Saturday, October 28, 2006
Sex Books on a Plane
filed under: Sexerati Hearts by Melissa Gira
Open up my little 1960’s stewardess-chic traincase, TSA, and find these this morning lurking beneath my tiny toiletries:
Speaking Sex to Power: The Politics of Queer Sex, Patrick Califia. Galpal and queer writer Gina de Vries lent me this for my flight today, and I’m so avoiding going up to the gate to remian curled up around tight prose like this: “Like camp, promiscuity is the pink badge of queer courage, our defiant way of whistling past all the graveyards that, for us, dot the heterosexual landscape. And we do know where the bodies (and live naked dicks) are buried. Every cocksucker is well aware that the same man who puts on a badge to arrest him probably just gets his blowjobs at a different truck stop.”
The Technology of Orgasm: “Hysteria,” the Vibrator, and Women’s Sexual Satisfaction, Rachel P. Maines.
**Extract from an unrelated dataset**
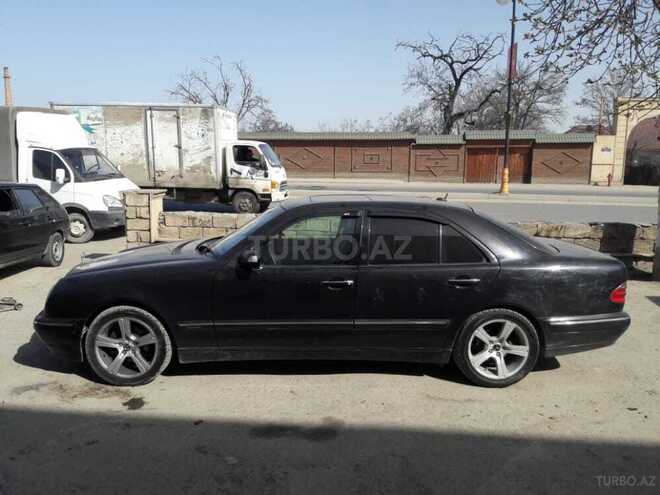 Mercedes E 240 1999, 258,000 km - 2.4 l - Quba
I picked this up in Seattle a few weeks back to dig into on the way home to San Francisco, but of course ended up cracking the cover early and lapsing into eager undergrad summary-mode to my host (“So the vibrator was one of the first consumer electronic goods to be marketed to women, as early as the turn of the last century, in ladies’ magazines and doctor’s offices, but once blue movies in the 20’s cast vibrators as sex aids, that all began to disappear. Did you know that all the early electrical engineering trade publications used to track vibrator sales? But the Smithsonian didn’t have any in their collections even in the 90’s? Here, let me show you these… schematics…”) as we drove around Capitol Hill (and ps, “C.C. Attle’s”? Worst. Gay bar name. Ever.)
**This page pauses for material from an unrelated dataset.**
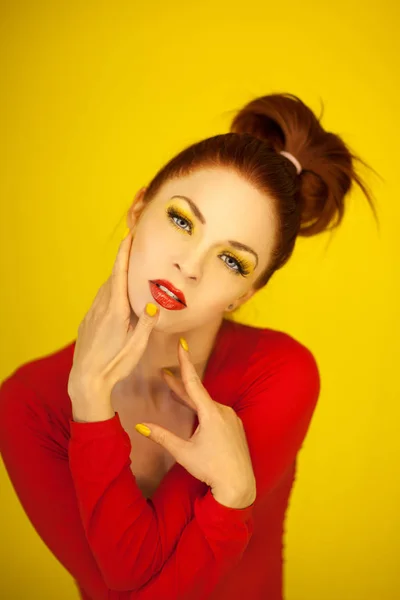Schöne Junge Frau Rot Gelbem Modeporträt Mit Perfektem Make — Stockfoto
The Leather Daddy and the Femme, Carol Queen. A classic, if there ever was one. I added this back into my carry-on for my flight to Philly, and it’s remained a constant companion — and truly, this book has been, for just this side of a decade. No one else writes genderfuck sex so good, so passionate, so raw. Normally I’m far more turned on by critical theory than your average erotic antho, but this is no average bit of smut. In fact, it’s likely the closest thing there is to a mashup of the two that there can be, and still be devastatingly hot. Begs the question, Miranda/Randy (the femme/boyfag protagonist), great queergirl hero of futuresex, or greatest queergirl hero of futuresex?